## Task item
Each record below should be printed exactly as it was written.

## Records contained in a dataset
──────

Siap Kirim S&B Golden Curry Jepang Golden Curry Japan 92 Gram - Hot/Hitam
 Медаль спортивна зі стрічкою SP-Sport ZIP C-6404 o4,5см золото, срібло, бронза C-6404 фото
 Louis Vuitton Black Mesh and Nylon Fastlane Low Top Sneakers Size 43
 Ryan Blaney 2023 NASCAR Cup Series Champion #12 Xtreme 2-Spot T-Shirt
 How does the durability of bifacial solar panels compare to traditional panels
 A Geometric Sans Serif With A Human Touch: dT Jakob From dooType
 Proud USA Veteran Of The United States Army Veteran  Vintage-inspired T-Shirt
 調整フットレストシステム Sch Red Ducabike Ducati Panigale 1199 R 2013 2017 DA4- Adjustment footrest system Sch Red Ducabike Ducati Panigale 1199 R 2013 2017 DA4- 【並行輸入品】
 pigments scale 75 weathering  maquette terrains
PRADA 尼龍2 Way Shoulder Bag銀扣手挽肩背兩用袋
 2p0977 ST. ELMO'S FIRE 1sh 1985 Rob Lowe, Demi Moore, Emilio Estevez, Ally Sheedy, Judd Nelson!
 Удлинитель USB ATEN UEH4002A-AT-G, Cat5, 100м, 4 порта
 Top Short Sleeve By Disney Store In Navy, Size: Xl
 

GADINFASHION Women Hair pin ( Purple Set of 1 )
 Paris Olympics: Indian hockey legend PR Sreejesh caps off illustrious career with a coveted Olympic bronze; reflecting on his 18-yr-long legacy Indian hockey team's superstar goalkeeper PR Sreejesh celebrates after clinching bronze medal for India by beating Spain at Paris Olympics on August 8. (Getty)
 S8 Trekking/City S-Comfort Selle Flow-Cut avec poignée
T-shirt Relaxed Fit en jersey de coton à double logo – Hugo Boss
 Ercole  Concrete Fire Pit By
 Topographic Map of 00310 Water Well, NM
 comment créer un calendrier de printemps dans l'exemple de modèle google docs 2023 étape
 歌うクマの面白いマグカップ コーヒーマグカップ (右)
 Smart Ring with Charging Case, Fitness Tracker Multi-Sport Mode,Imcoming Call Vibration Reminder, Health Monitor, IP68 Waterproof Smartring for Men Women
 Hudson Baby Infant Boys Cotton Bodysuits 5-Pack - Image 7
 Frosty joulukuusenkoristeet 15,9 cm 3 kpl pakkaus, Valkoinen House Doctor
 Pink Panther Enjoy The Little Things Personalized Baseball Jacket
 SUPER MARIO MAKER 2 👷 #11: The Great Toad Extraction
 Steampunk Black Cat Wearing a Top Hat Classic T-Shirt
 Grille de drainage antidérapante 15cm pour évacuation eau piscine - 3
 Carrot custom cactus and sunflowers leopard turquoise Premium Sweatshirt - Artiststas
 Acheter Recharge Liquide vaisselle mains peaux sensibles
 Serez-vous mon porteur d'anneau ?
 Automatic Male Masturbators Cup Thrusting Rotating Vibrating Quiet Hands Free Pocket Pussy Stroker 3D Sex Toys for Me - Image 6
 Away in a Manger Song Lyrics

──────

## Expected answer
Siap Kirim S&B Golden Curry Jepang Golden Curry Japan 92 Gram - Hot/Hitam
 Медаль спортивна зі стрічкою SP-Sport ZIP C-6404 o4,5см золото, срібло, бронза C-6404 фото
 Louis Vuitton Black Mesh and Nylon Fastlane Low Top Sneakers Size 43
 Ryan Blaney 2023 NASCAR Cup Series Champion #12 Xtreme 2-Spot T-Shirt
 How does the durability of bifacial solar panels compare to traditional panels
 A Geometric Sans Serif With A Human Touch: dT Jakob From dooType
 Proud USA Veteran Of The United States Army Veteran  Vintage-inspired T-Shirt
 調整フットレストシステム Sch Red Ducabike Ducati Panigale 1199 R 2013 2017 DA4- Adjustment footrest system Sch Red Ducabike Ducati Panigale 1199 R 2013 2017 DA4- 【並行輸入品】
 pigments scale 75 weathering  maquette terrains
PRADA 尼龍2 Way Shoulder Bag銀扣手挽肩背兩用袋
 2p0977 ST. ELMO'S FIRE 1sh 1985 Rob Lowe, Demi Moore, Emilio Estevez, Ally Sheedy, Judd Nelson!
 Удлинитель USB ATEN UEH4002A-AT-G, Cat5, 100м, 4 порта
 Top Short Sleeve By Disney Store In Navy, Size: Xl
 

GADINFASHION Women Hair pin ( Purple Set of 1 )
 Paris Olympics: Indian hockey legend PR Sreejesh caps off illustrious career with a coveted Olympic bronze; reflecting on his 18-yr-long legacy Indian hockey team's superstar goalkeeper PR Sreejesh celebrates after clinching bronze medal for India by beating Spain at Paris Olympics on August 8. (Getty)
 S8 Trekking/City S-Comfort Selle Flow-Cut avec poignée
T-shirt Relaxed Fit en jersey de coton à double logo – Hugo Boss
 Ercole  Concrete Fire Pit By
 Topographic Map of 00310 Water Well, NM
 comment créer un calendrier de printemps dans l'exemple de modèle google docs 2023 étape
 歌うクマの面白いマグカップ コーヒーマグカップ (右)
 Smart Ring with Charging Case, Fitness Tracker Multi-Sport Mode,Imcoming Call Vibration Reminder, Health Monitor, IP68 Waterproof Smartring for Men Women
 Hudson Baby Infant Boys Cotton Bodysuits 5-Pack - Image 7
 Frosty joulukuusenkoristeet 15,9 cm 3 kpl pakkaus, Valkoinen House Doctor
 Pink Panther Enjoy The Little Things Personalized Baseball Jacket
 SUPER MARIO MAKER 2 👷 #11: The Great Toad Extraction
 Steampunk Black Cat Wearing a Top Hat Classic T-Shirt
 Grille de drainage antidérapante 15cm pour évacuation eau piscine - 3
 Carrot custom cactus and sunflowers leopard turquoise Premium Sweatshirt - Artiststas
 Acheter Recharge Liquide vaisselle mains peaux sensibles
 Serez-vous mon porteur d'anneau ?
 Automatic Male Masturbators Cup Thrusting Rotating Vibrating Quiet Hands Free Pocket Pussy Stroker 3D Sex Toys for Me - Image 6
 Away in a Manger Song Lyrics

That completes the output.